五百羅漢 SD1 Merrill + 17-50mm F2.8

 仏教で羅漢とは、お釈迦様の弟子の中でも修行を積んで、ある程度の高位になったお弟子さんを指すものです。このお寺の羅漢さんは様々な表情をしていますが、身なりなどの様式は中国のものです。五百ほどあるそうで、作られたのは最近とのことでした。観音様などは写真撮影が禁じられていますが、この羅漢さんは修行途中の身であるため撮影してもかまわないと教えてもらいました。
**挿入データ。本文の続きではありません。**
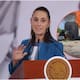 CSP atribuye bloqueos en Michoacán a operativos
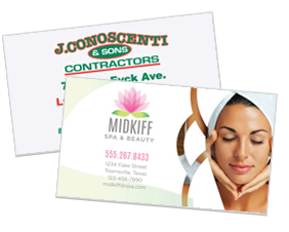 Picture for category Magnets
 この写真は、暗い条件の中で撮りました。柱に寄りかかり息を殺してシャッターを押しましたが、等倍以上にすると細部が滲んでいます。A4ぐらいまでの大きさなら解りませんが、どんなにしっかり構えても微小な手振れは起こっているのでしょう。
苔むす屋根

庭 SD1 Merrill + 17-50mm F2.8
 
 ここの庭園は池を中心に作られており、池の中には心の字の点々を表した島が配置されています。秋には見事な紅葉が楽しめるところですが、季節は梅雨で雨に濡れた緑が鮮やかでした。屋根の上にも苔が載っており、ここは雨の多いところなのでしょう。ひなびた情景が、周囲の雰囲気とともに心に沁みてきます。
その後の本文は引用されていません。